2. What rights, obligations, and interactions belong to that class of relationships? (Proper interactions are those that no third party has the right or obligation to interfere with; improper, those that at least one third party has a legal, enforceable right or obligation to challenge.)
3. Did one of the transactions violate those rights and obligations?
4. If so, what legal remedies apply?
To repeat, in applying these standards, courts and legal specialists implicitly invoke legal categories: a map of relationships, including boundaries, proximities, and appropriate bundles of rights, obligations, and interactions. They also typically adopt and rely on hostile worlds justifications of their boundary making. In Schwegmann v. Schwegmann, the court declared it not only legally incorrect to frame their relationship as marriage but morally perilous: “To equate the non-marital relationship of concubinage to a marital relationship is to do violence to the very structure of our civilized society.”
In order to avoid just this kind of condemnation, lawyers advise their clients how to present their cohabiting relations. The American Bar Association provides specific practical advice to potential litigants. Unmarried, cohabiting couples, instructs its Guide to Family Law, may enter legally binding agreements about “how much each will pay for rent, mortgage, utilities, groceries, auto expenses.” The authors warn, however, against “pillow-talk” agreements—the “don’t worry, I love you. I’ll take care of you. Everything will be okay” statements often made while “the couple may be in bed enjoying a moment of intimacy.” Such agreements, cautions the guide, are rarely enforceable. Even more emphatically the guide discourages agreements that closely entwine sexual relations with other obligations, explaining that “if a court thinks an agreement amounts to providing financial support in exchange for sexual relations, the court will not enforce it. Such an agreement will be viewed as uncomfortably close to a contract for prostitution” (American Bar Association 1996: 6-8).
Lawyers, judges, and juries do relational work of a distinctive kind: they work hard to establish proper matching within legal categories. Consider the provision of health care. People provide treatment for each other’s illness in a wide variety of relationships—par – ent-child, wife-husband, friends, physician-patient, nurse-patient, teacher-pupil, priest-parishioner, pharmacist-customer, servant – employer, nursing home attendant-inmate, and more. Courts repeatedly find themselves adjudicating the appropriateness and value of the treatment by placing the relationship within a legal category. For which categories of relations is this treatment permissible?

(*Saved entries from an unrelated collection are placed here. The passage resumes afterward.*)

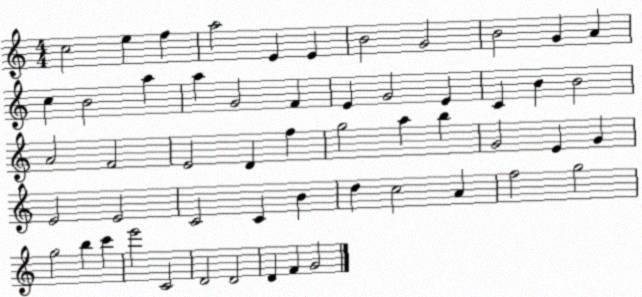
X:1
T:Untitled
M:4/4
L:1/4
K:C
c2 e f a2 E E B2 G2 B2 G A c B2 a a G2 F E G2 E C B B2 A2 F2 E2 D f g2 a b G2 E G E2 E2 C2 C B d c2 A f2 g2 g2 b c' e'2 C2 D2 D2 D F G2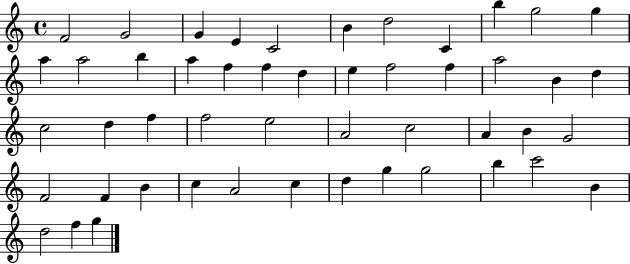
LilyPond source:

{
  \clef treble
  \time 4/4
  \defaultTimeSignature
  \key c \major
  f'2 g'2 | g'4 e'4 c'2 | b'4 d''2 c'4 | b''4 g''2 g''4 | \break a''4 a''2 b''4 | a''4 f''4 f''4 d''4 | e''4 f''2 f''4 | a''2 b'4 d''4 | \break c''2 d''4 f''4 | f''2 e''2 | a'2 c''2 | a'4 b'4 g'2 | \break f'2 f'4 b'4 | c''4 a'2 c''4 | d''4 g''4 g''2 | b''4 c'''2 b'4 | \break d''2 f''4 g''4 | \bar "|."
}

What responsibility do the parties bear for the consequences? What rewards, punishments, and constraints should the law therefore apply? Lawyers, judges, juries, and parties to disputes thus engage in the delicate work of translating from the language of everyday practices and social relations into the specialized idioms of the law (Felstiner, Abel, and Sarat 1980-81; Gal 1989; Rotman 1995).
In typical disputes, someone uses the available array of legal categories to allege a mismatch. A party, as we have seen, may propose straightforward matching of behavior to a location within the array. Another party may argue for excluding the relationship from legal jurisdiction, as in a wide variety of disputes between spouses. Doctrines and cases available as precedents come into play at precisely this point. Parties may engage in disputes concerning boundaries or contents of relations; in the case of a gay couple, for example, courts may have to decide whether they qualify as spouses for the purposes of taxation, whether they have the right to adopt children, or whether they acquire rights in each other’s property. In such cases, especially where the proper classification of the relationship is under dispute, argument often proceeds by analogy and proximity to other legally established relationships. This is where the legal categories listed above come into play. Is this relation meretricious? Does it qualify as concubinage? Lawyers and courts often engineer change in precisely this way, by arguing new analogies and applications for existing categories. They fashion novel combinations of cases, doctrines, and relational categories.